On a dark upstate highway, cool wind in my hair
Warm smell of Labatts, rising up through the air
Up ahead in the distance, I saw a shimmering light
My head grew heavy and my sight grew dim
I had to stop for the night
There she stood in the doorway;
I heard the mission bell
And I was thinking to myself,
'This could be Heaven or this could be Hell'
Then she lit up a candle and she showed me the way
There were voices down the corridor,
I thought I heard them say...
Welcome to the Hotel Buffalo
Such a lovely place
Such a lovely face
Plenty of room at the Hotel Buffalo
Any time of year, you can find it here......
Oh my life in Buffalo, it's has been since 2003 that I've been back in Buffalo, spending a few years out of state in Providence, RI. Growing, developing, trying to forget and covering up my past to become someone new, something different to come back to BLO a new person and every time the homeland bitch slaps you in the face.

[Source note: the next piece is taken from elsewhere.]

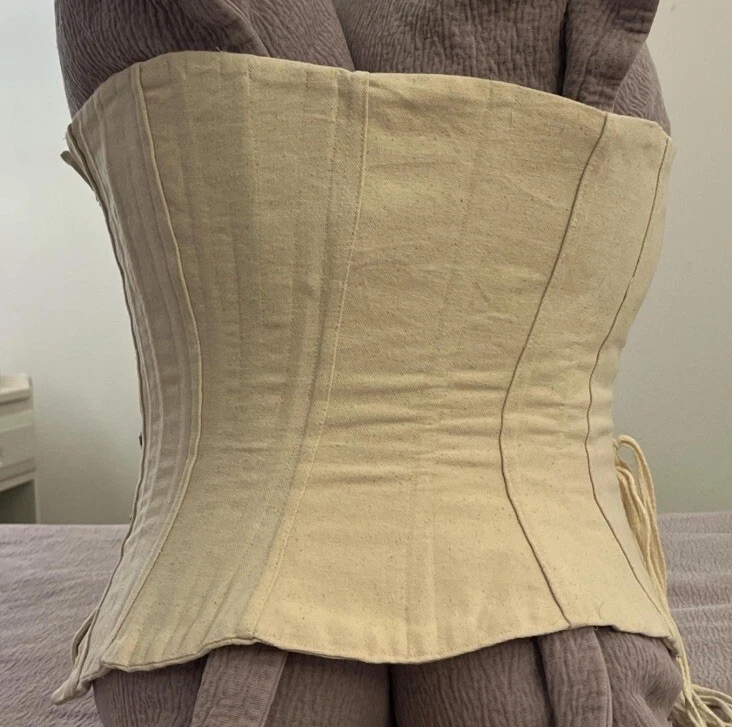 19 世纪 60 年代维多利亚紧身胸衣手工鸭布帆布复制品 — 第 2/4 张图片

Any time of year you can find it hear BFLO. The past likes to come back and haunt you from time to time and I, not being any wiser then I once was but with much more wisdom then I once had in all fun volunteered at the Taste of Buffalo only to find people that I went to HS with. Of course, why not this is only the nations 2nd largest Taste and a not to miss event in Buffalo. So I get to come face to face without words a part of my past that I look to escape. Then comes to mind how I hate certain aspects of myself, the things I want to change and how I MUST look better then everyone else when my 10 year reunion comes to swing and how I need to accomplish something by then so I'm not the same of thing I was back then and of course this folds into the drama and hazards of my life since graduation, the mistakes I've made, the faults that have occured and how I am so much more and so still the same. I keep making the same mistakes and yet I find new ones to make but ultimatly I keep judging myself the hardest AND not forgiving myself for the actions.
I want to much and yet I can't get the drive to do it. I have my own online business, I do nothing with it. I have potential to move up and go anywhere with my company, I dont feel like it. The only thing I seem to be good as it doing nothing, creating nothing and go no where and why b/c I don't respect or love myself enough to achieve anything that I want or deserve. I know and have discussed that this is something I grew up learning and yet I don't move forward with it. I distract myself from my goal to allow myself to be destroyed even further. This has to stop, I need an action plan, a game plan. I had one when I worked at Nordstrom and I'm not holding myself to any plan b/c I havent created one.
SO that is what I must do, create an action plan, let go of the past and move forward, move on with the life that I want to live and I'm going to keep myself to it.
So long Hotel BUFFALO and hello open road of life, love and happiness!